(Beginning of Data)

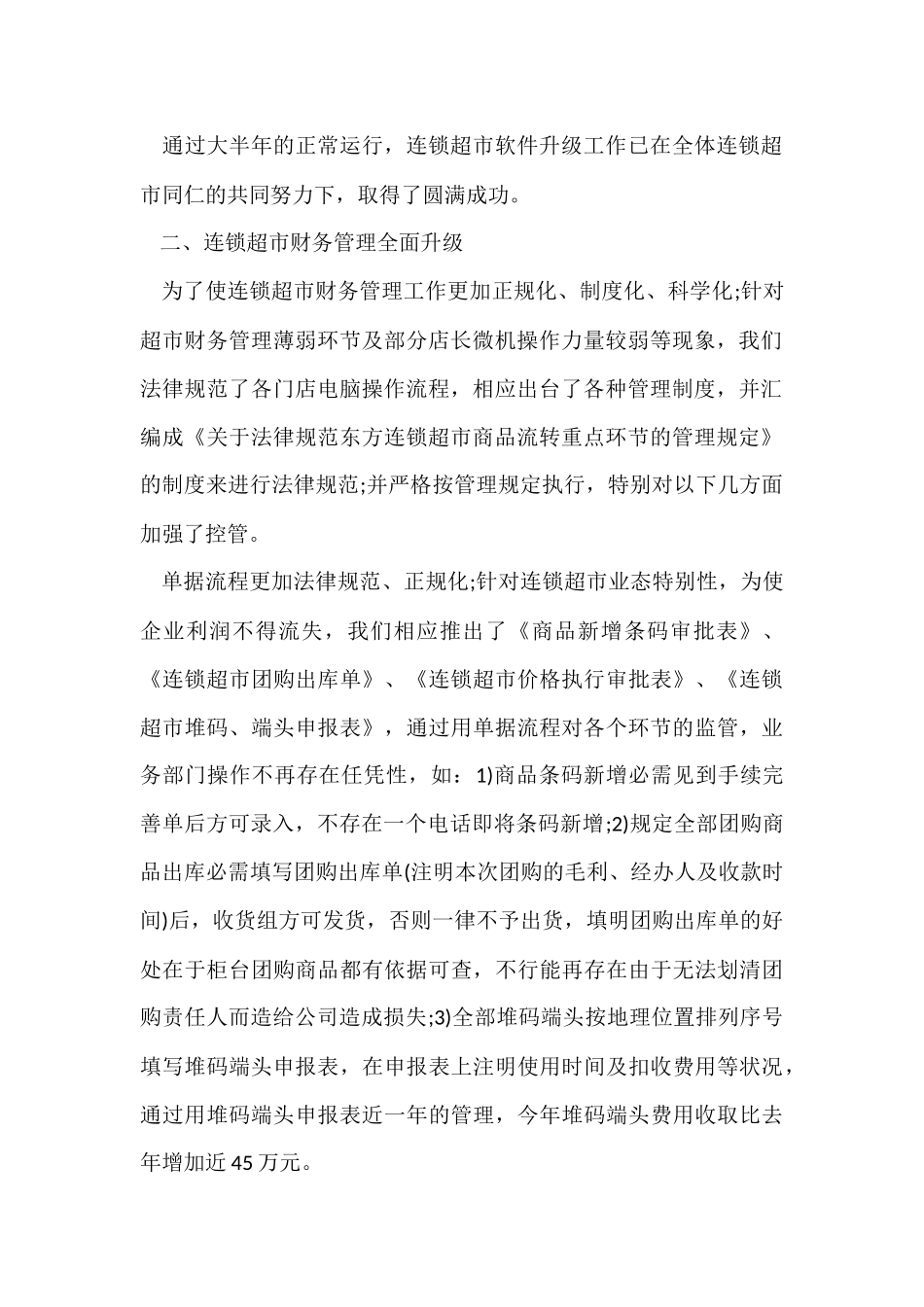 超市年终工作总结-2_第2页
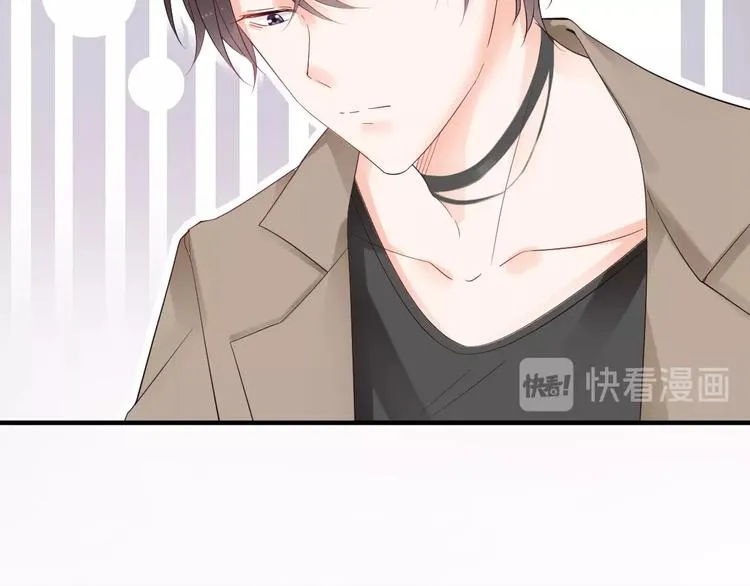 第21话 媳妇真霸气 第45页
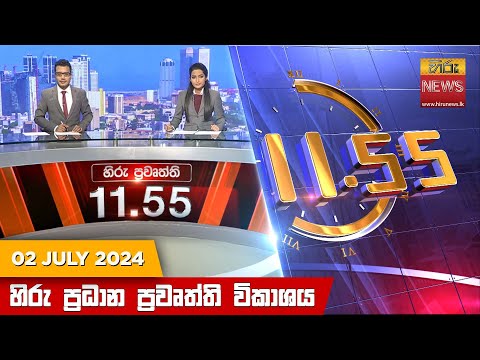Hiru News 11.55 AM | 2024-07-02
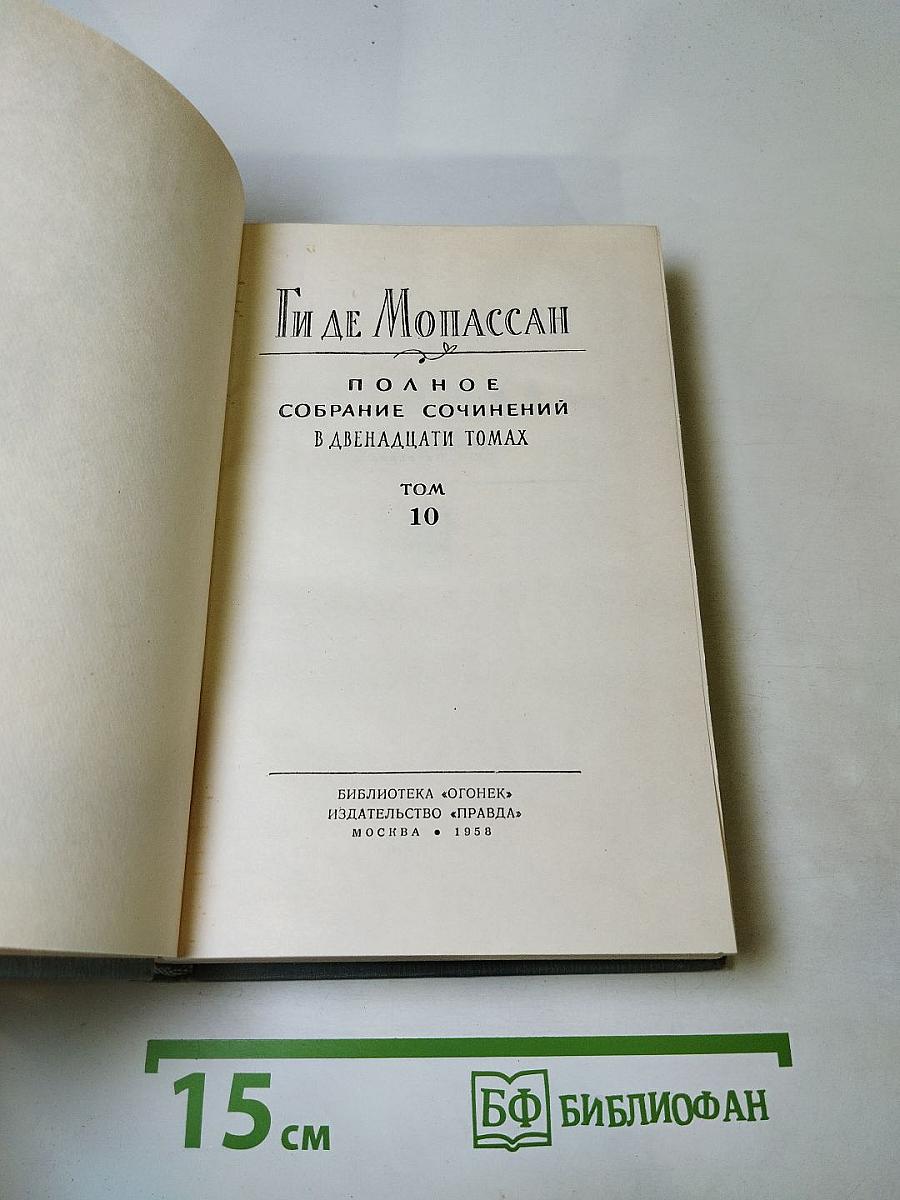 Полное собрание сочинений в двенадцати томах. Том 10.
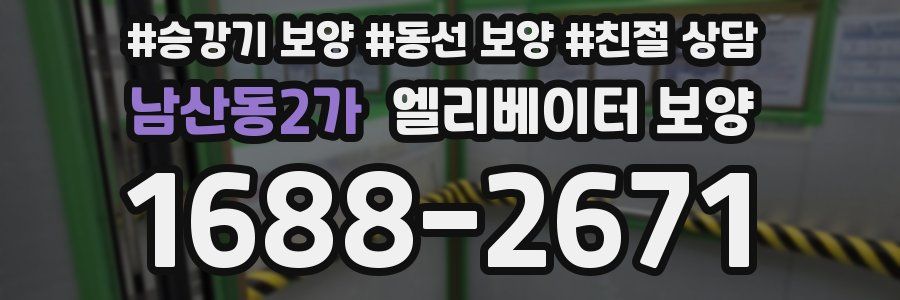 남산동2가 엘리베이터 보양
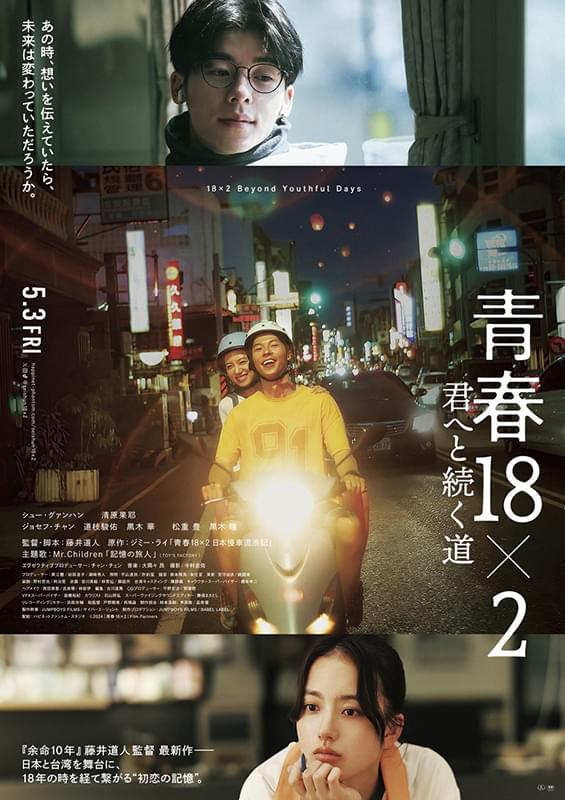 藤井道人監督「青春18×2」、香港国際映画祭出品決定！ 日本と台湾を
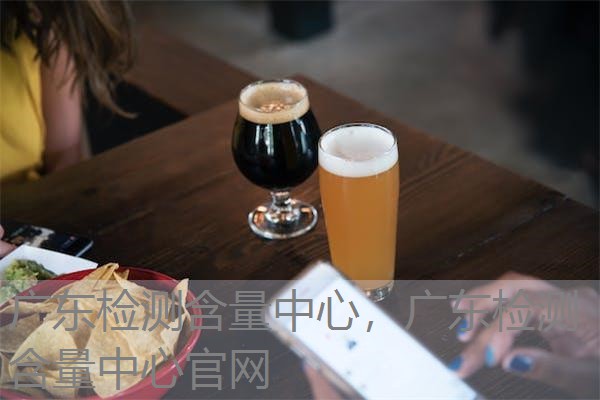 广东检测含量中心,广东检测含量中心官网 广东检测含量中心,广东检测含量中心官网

(End of Data)

What you have to do: Exclude all images and retype the data precisely.

Your solution:
 超市年终工作总结-2_第2页
 第21话 媳妇真霸气 第45页
Hiru News 11.55 AM | 2024-07-02
 Полное собрание сочинений в двенадцати томах. Том 10.
 남산동2가 엘리베이터 보양
 藤井道人監督「青春18×2」、香港国際映画祭出品決定！ 日本と台湾を
 广东检测含量中心,广东检测含量中心官网 广东检测含量中心,广东检测含量中心官网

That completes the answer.